* [PROBLEM DESCRIPTION] What you write must match, character for character, the lines from the one with "Vídeo: parte de" down to the one with "フェイクファーフードベスト" in the listing below, minus its pictures.

==== TASK INPUT ====

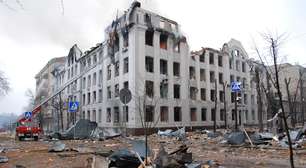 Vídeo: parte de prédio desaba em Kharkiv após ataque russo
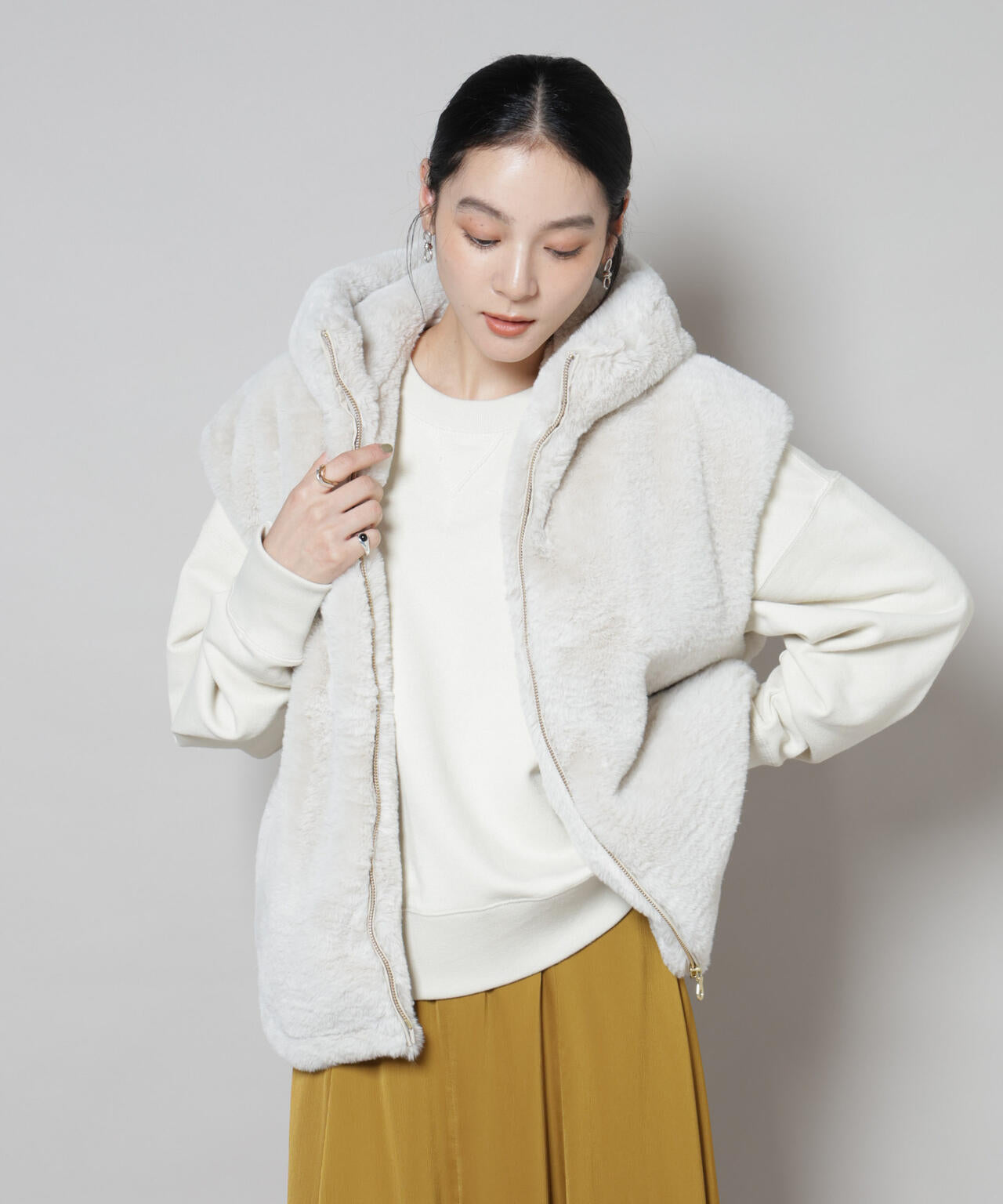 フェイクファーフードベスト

====
==== TASK INPUT ====

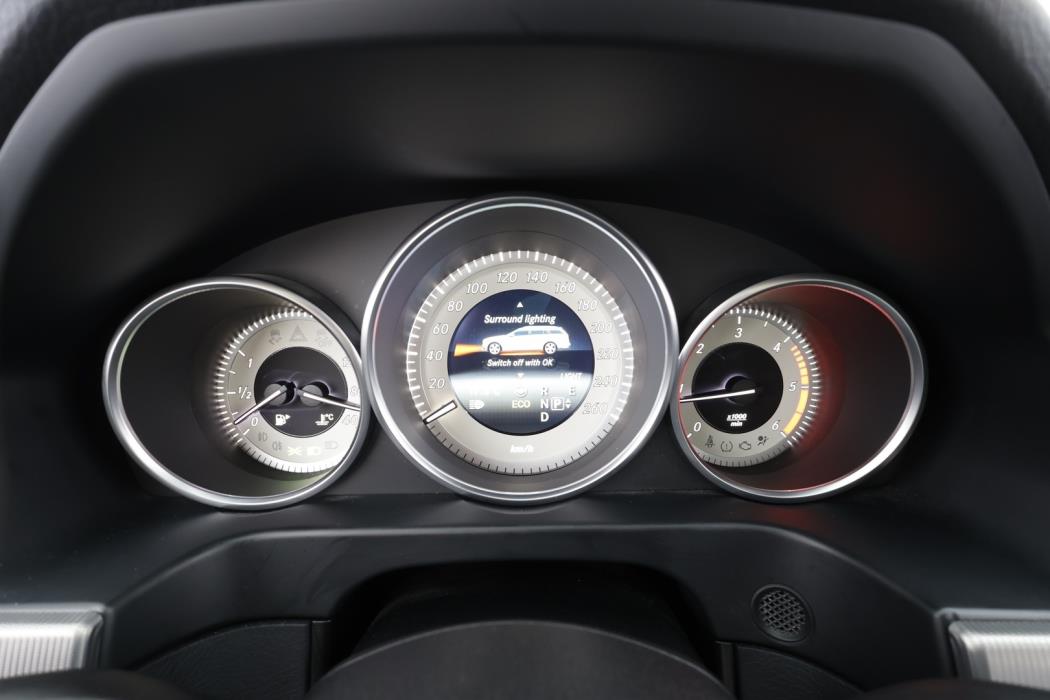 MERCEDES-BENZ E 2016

====

* [ANSWER SPACE]
 Vídeo: parte de prédio desaba em Kharkiv após ataque russo
 フェイクファーフードベスト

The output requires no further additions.